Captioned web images
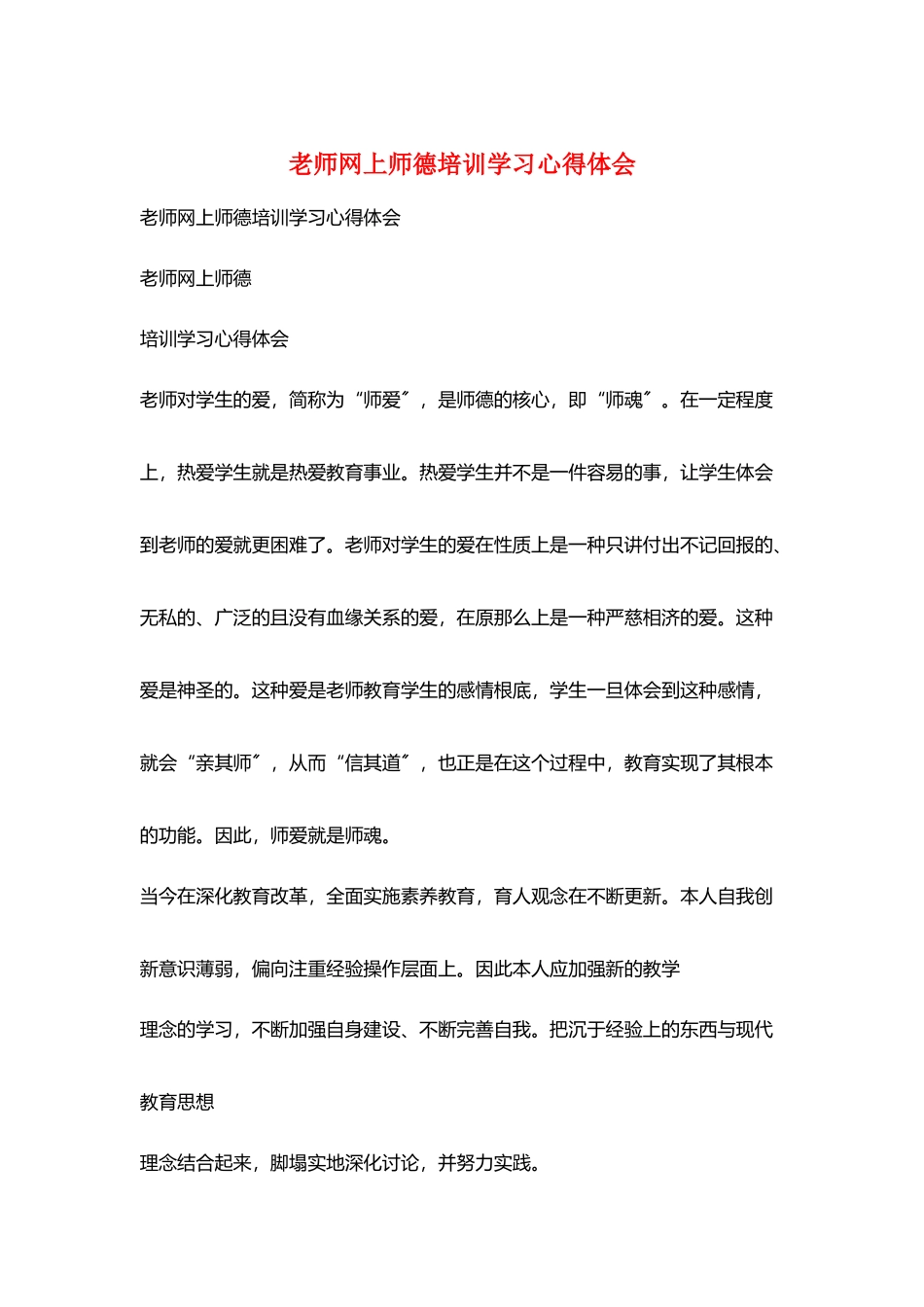 教师网上师德培训学习心得体会_第1页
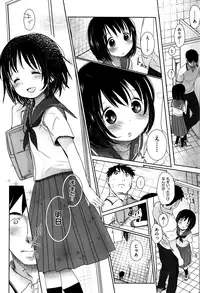 [Okada Kou] Sensei to, Watashi to. Jou [Decensored]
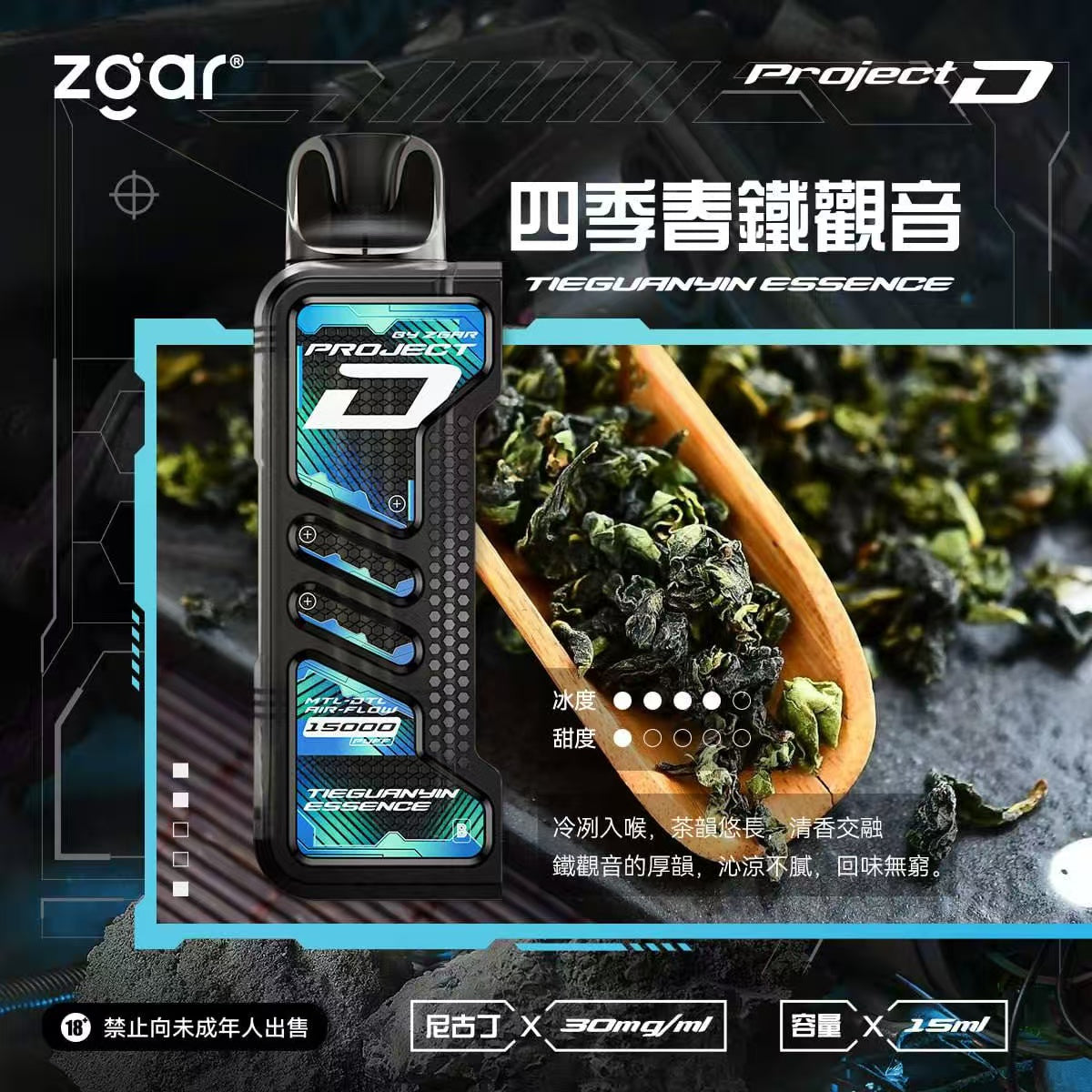 原廠正品 老闆推薦 project D 冰熊卡帶 磁吸便攜換彈 LED顯示屏 一次性 拋棄式 電子煙 小煙  15000口 大容量 可拆卸 非 東京魔盒 ILIA LANA RELX SP2 S 魅海 - VC蒸氣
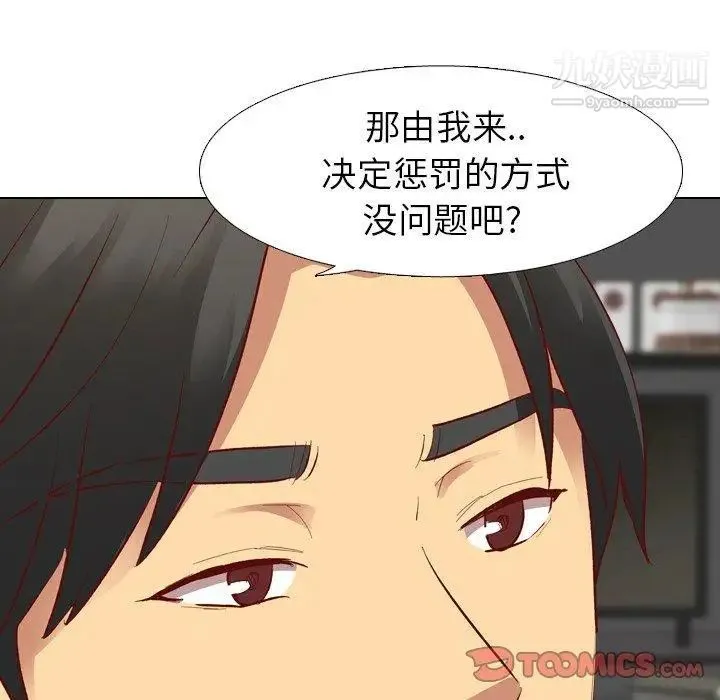 毫无保留的她 - 第11话 - page 109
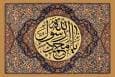 کلمه «لا اله الا الله» پیامبر(ص)؛ عامل همبستگی اجتماعی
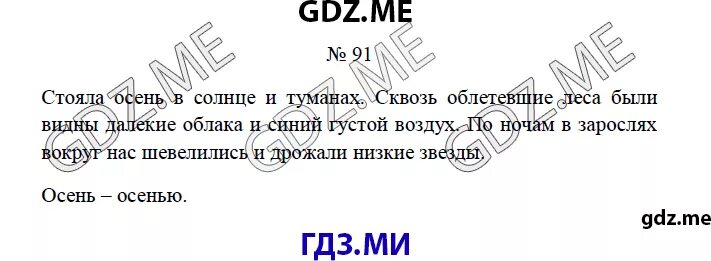 Русский язык 10 класс упражнение 91. Русский язык 4 класс 2 часть страница 91 упражнение 188. По ночам в зарослях вокруг нас шевелились и дрожали.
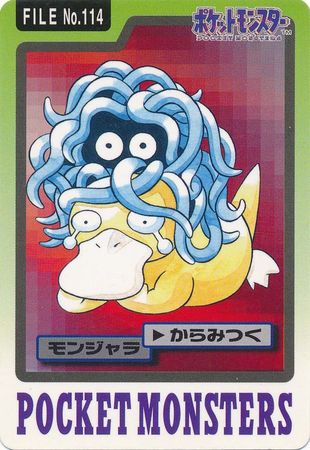 Tangela File No 114 Carddass Pocket Monsters Tangela File No 114 Carddass Pocket Monsters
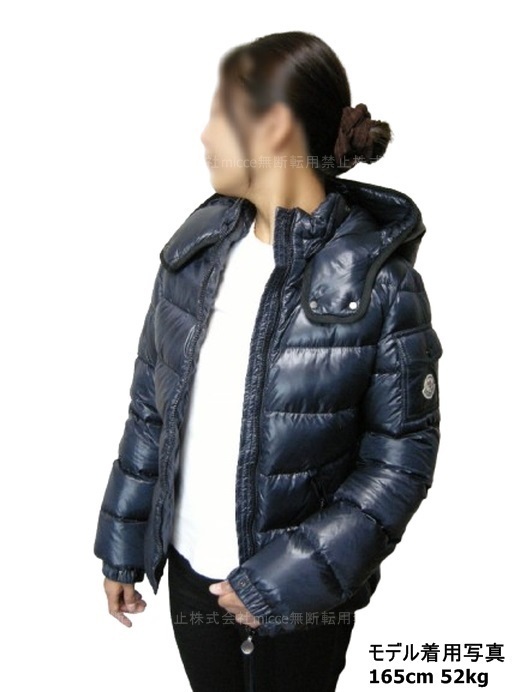 サイズ14A◇大人もOK◇関税無◇国内発送MONCLER ダウンJKT BERRE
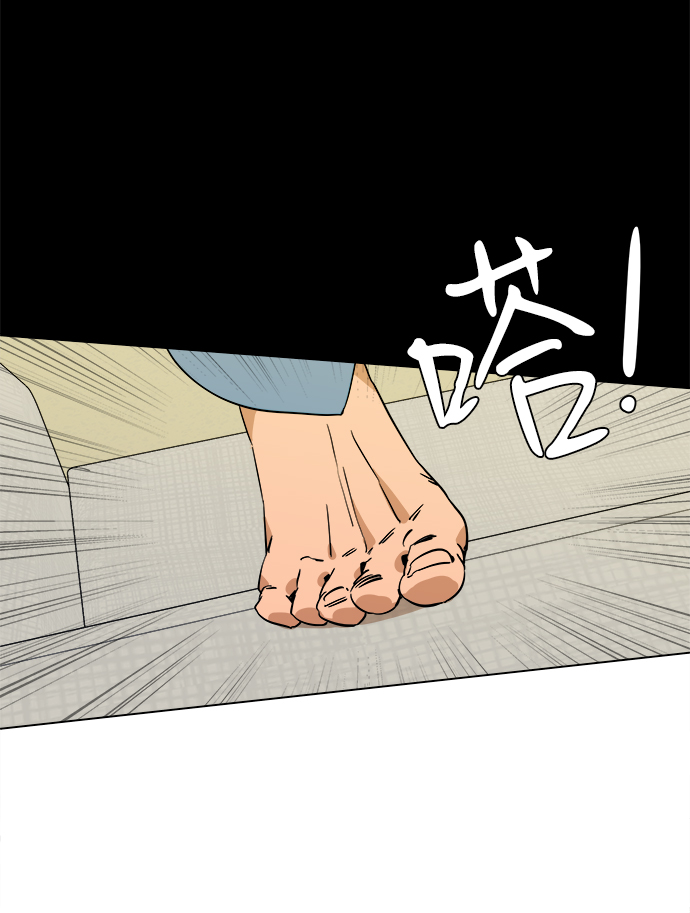 第二章（4）_D-DAY47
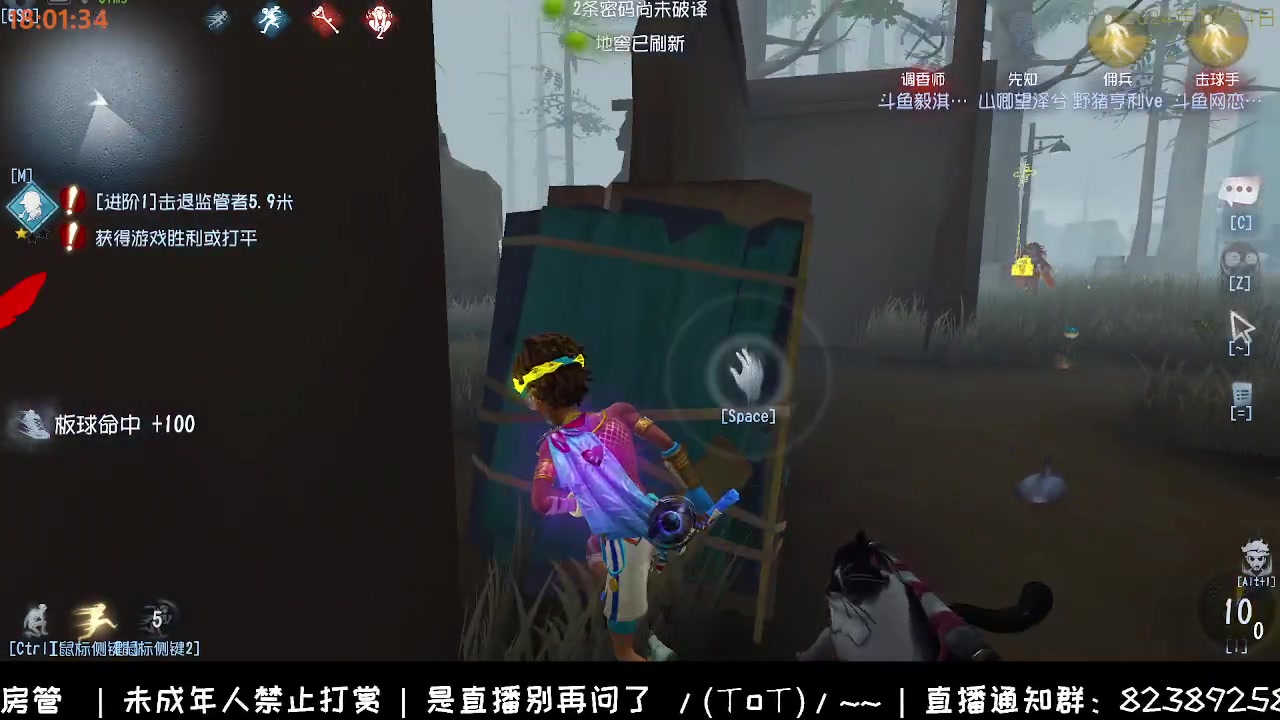 【2024-10-04 17点场】Ryan心颜：[Ryan心颜]庄园全胜挑战赛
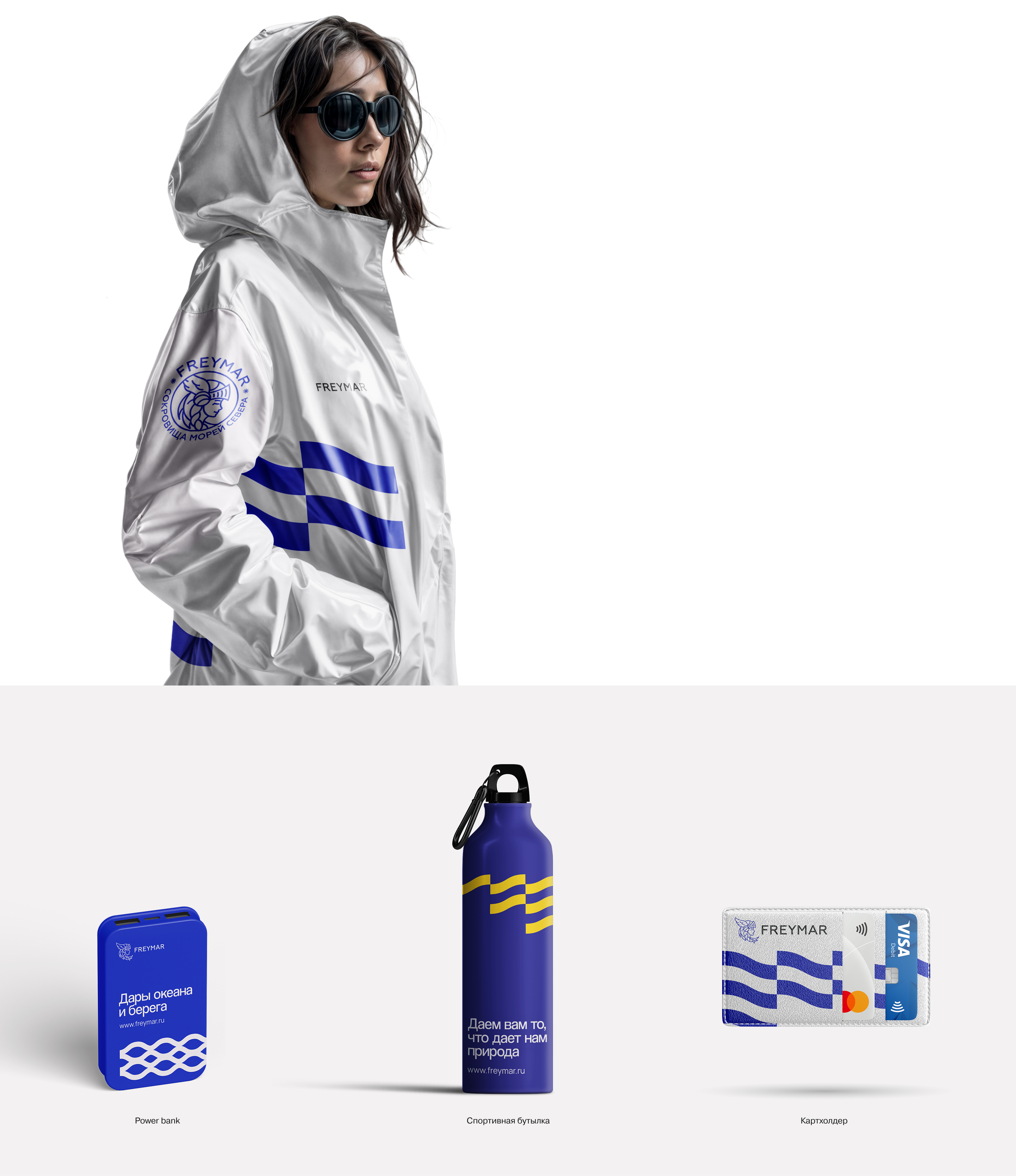 Freymar | Брендинг
для интернет-магазина морепродуктов — Изображение №18 — Интерфейсы, Брендинг на Dprofile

> _Your assignment_
Leave the images behind and write out every entry exactly.

> _Solved problem_
 教师网上师德培训学习心得体会_第1页
 [Okada Kou] Sensei to, Watashi to. Jou [Decensored]
 原廠正品 老闆推薦 project D 冰熊卡帶 磁吸便攜換彈 LED顯示屏 一次性 拋棄式 電子煙 小煙  15000口 大容量 可拆卸 非 東京魔盒 ILIA LANA RELX SP2 S 魅海 - VC蒸氣
 毫无保留的她 - 第11话 - page 109
 کلمه «لا اله الا الله» پیامبر(ص)؛ عامل همبستگی اجتماعی
 Русский язык 10 класс упражнение 91. Русский язык 4 класс 2 часть страница 91 упражнение 188. По ночам в зарослях вокруг нас шевелились и дрожали.
 Tangela File No 114 Carddass Pocket Monsters Tangela File No 114 Carddass Pocket Monsters
 サイズ14A◇大人もOK◇関税無◇国内発送MONCLER ダウンJKT BERRE
 第二章（4）_D-DAY47
 【2024-10-04 17点场】Ryan心颜：[Ryan心颜]庄园全胜挑战赛
 Freymar | Брендинг
для интернет-магазина морепродуктов — Изображение №18 — Интерфейсы, Брендинг на Dprofile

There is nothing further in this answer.